Mr Ashton said of certificates: ‘The platform can be summed up by saying it’s essentially like a supermarket for retail investors, where they can pick from a variety of different Zero Certs linked to investment themes and create their portfolios.’
However, the ETFs’ performance is directly affected by that of their underlying component stocks or bonds. The impact, however, is cushioned to some extent by diversification, as an ETF itself is a diverse pool of stocks or bonds.
Another risk to consider is the possibility of tracking errors. An ETF may sometimes not reflect the performance of its underlying index due to factors such as timing differences between countries.

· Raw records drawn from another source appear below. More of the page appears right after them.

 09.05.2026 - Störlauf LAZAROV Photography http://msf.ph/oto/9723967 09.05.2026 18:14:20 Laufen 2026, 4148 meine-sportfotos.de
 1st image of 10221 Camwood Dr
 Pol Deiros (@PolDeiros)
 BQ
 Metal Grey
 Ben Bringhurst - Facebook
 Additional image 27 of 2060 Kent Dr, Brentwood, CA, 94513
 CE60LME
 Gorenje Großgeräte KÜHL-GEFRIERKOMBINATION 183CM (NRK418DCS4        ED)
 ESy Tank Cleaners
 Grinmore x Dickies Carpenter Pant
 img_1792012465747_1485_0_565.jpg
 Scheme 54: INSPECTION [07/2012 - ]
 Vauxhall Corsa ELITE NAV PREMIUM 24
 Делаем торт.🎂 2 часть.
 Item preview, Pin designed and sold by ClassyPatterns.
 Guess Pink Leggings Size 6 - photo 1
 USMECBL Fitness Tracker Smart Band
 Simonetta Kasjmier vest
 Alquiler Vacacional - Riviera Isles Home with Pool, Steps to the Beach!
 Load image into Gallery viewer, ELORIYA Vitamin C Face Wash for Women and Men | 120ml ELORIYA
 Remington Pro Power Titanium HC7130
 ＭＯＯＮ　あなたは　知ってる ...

‘When the ETF is not doing what it’s supposed to do, when you want it to give a return but it doesn’t replicate its benchmarked index, you’re in trouble,’ warned Mr Ho. ‘It’s something investors have to look out for.’
Bright future for the market
ETFs were first introduced in the US in 1993, and have grown to more than $250 billion today. And while Asia has only recently started playing catch-up to that, the products have been growing in popularity.
At an ETF conference in late February, Morgan Stanley managing director and head of investment strategy Deborah Fuhr said Asia ‘will see many more (ETF) products coming on the market and a lot of people using them here, as well as elsewhere’.
Mr Ashton has also seen ‘tremendous growth in this area already’, but noted that more education is needed for Asian investors to familiarise themselves with the products.
‘Here in Asia, the market is at the more junior stage compared with that in Europe,’ he said. ‘But I think it’s a matter of education and awareness-building, and investors will see that the track record of these rule-based certs or ETFs has outperformed active fund managers who charge a much steeper fee structure.’